プライベートクラウドとは、クラウドサービスの提供形態、または利用形態の一つ。“Private”(私用の)の意味どおり、インターネット上で構築されるクラウド環境のうち、企業や組織などが占有して利用できるものを指す。パブリッククラウドより拡張性や自由度、セキュリティ性能が高く、オンプレミスのような多大なコストがかからないことがメリットである。クラウド事業者の提供するクラウド環境の一部を専有する「ホスティング型」と、自社で構築したクラウド環境を利用する「オンプレミス型」がある。

プライベートクラウドとは|概要

プライベートクラウドとは、インターネット上で構築されるクラウド環境のうち、企業などが占有して利用できるものを指します。IPAでは以下のようにプライベートクラウドを定義しています。

【プライベートクラウド(Private cloud)の定義】
「クラウドのインフラストラクチャは、複数の利用者(例:事業組織)から成る単一の組織の専用使用のために提供される。その所有、管理、および運用は、その組織、第三者、もしくはそれらの組み合わせにより行われ、存在場所としてはその組織の施設内または外部となる。」

(出典)独立行政法人 情報処理推進機構:NIST によるクラウドコンピューティングの定義 米国国立標準技術研究所による推奨, p3

一般的に使われるパブリッククラウドでは、クラウドサービス事業者が構築・提供するリソース(インターネットを通じてアクセス可能な環境およびサーバ・ストレージ・アプリケーションなど)を、複数の利用者で共有することになります。一方、プライベートクラウドは特定の一利用者だけが使えるクラウド環境を「占有(専有)する」仕組みになっています。

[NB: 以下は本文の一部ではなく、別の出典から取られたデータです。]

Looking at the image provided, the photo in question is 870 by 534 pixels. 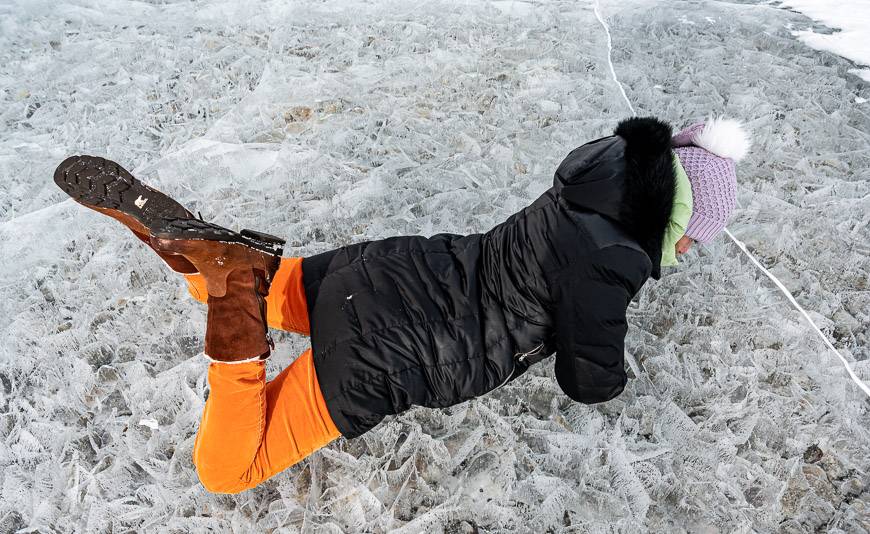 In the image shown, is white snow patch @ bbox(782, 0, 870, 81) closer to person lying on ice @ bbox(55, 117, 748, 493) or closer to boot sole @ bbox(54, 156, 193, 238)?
person lying on ice @ bbox(55, 117, 748, 493)

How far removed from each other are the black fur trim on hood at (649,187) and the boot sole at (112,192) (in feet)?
4.68

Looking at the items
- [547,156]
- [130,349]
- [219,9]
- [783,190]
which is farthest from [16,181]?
[783,190]

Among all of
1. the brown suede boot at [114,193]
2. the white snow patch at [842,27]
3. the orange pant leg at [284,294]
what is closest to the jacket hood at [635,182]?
the orange pant leg at [284,294]

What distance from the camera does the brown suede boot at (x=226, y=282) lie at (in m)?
1.67

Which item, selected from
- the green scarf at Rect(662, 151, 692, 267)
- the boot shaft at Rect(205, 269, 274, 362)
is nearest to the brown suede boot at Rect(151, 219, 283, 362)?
the boot shaft at Rect(205, 269, 274, 362)

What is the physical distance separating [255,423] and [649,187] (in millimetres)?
1378

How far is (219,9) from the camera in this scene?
4.59 m

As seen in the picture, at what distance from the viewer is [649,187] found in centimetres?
160

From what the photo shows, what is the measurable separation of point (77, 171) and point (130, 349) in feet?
2.82

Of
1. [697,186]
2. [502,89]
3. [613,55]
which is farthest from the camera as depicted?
[613,55]

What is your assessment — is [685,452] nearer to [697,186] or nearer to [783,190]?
[697,186]

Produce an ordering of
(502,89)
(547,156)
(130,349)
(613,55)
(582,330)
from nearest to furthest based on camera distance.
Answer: (582,330)
(130,349)
(547,156)
(502,89)
(613,55)

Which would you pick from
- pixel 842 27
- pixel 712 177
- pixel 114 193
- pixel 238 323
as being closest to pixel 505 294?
pixel 712 177

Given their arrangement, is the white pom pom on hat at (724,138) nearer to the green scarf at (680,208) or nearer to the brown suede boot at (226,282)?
the green scarf at (680,208) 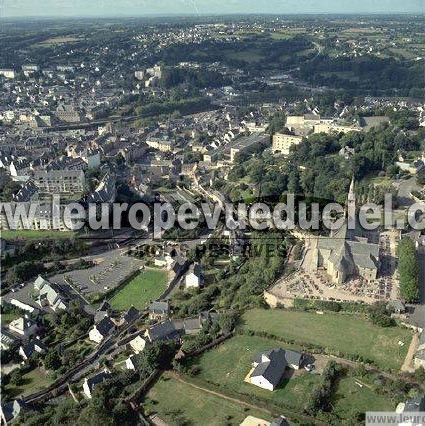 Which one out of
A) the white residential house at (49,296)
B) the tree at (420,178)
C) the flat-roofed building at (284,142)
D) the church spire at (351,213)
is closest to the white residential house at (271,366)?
the church spire at (351,213)

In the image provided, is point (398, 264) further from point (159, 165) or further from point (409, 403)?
point (159, 165)

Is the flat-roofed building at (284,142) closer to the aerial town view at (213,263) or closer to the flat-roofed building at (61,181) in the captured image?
the aerial town view at (213,263)

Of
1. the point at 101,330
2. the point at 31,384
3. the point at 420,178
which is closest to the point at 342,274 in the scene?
the point at 101,330

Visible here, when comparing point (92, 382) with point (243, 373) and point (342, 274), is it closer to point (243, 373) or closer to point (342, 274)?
point (243, 373)

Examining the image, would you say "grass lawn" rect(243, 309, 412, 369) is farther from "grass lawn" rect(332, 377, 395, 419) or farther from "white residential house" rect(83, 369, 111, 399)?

プライベートクラウドのメリットとして、オンプレミスのように現物のサーバーやシステムを配備する必要がなくコストが比較的かからないこと、パブリッククラウドのように不特定多数と共有しないためセキュリティ性が高いこと、専用クラウドのため独自のシステム構築やカスタマイズがしやすく、将来的な拡張性も高いこと、などが挙げられます。

プライベートクラウド導入にあたっての比較対象としては、企業や組織が自社内に構築する体制、「オンプレミス」があります。オンプレミスはセキュリティ性や拡張性が高く、プライベートクラウドと似たメリットがありますが、機器の準備に時間がかかり、設置のための初期投資および継続的な保守運用にコストがかかることがデメリットとなっています。プライベートクラウドはあくまでもクラウド環境の利用のため、必要に応じて使う分のみ使用料を支払うこと、設備などの初期投資費用がかからないことから、オンプレミスよりもメリットが大きいといえます。

一方で専有環境を構築することから、パブリッククラウドと比較すると導入コストと時間がかかります。プライベートクラウド・オンプレミス・パブリッククラウド、何を選ぶかは利用者の特性、予算、目的に合わせて検討する必要があります。

【図】パブリッククラウド・プライベートクラウド・ハイブリッドクラウド・マルチクラウドの関係

【図】パブリッククラウド・プライベートクラウド・ハイブリッドクラウド・マルチクラウドの関係

プライベートクラウドには、パブリッククラウドの一部を占有する「ホスティング(ホステッド)型プライベートクラウド」と、企業内のサーバー上に構築されたクラウド環境を利用する「オンプレミス型プライベートクラウド」があります。同じプライベートクラウドでも、第三者である事業者のクラウド環境を使うより自社環境の上に構築する場合のほうが、セキュリティや自由度、拡張性は最も信頼性が高くなります。

またプライベートクラウドとパブリッククラウドを併用する使い方やサービスは「マルチクラウド」と呼ばれます。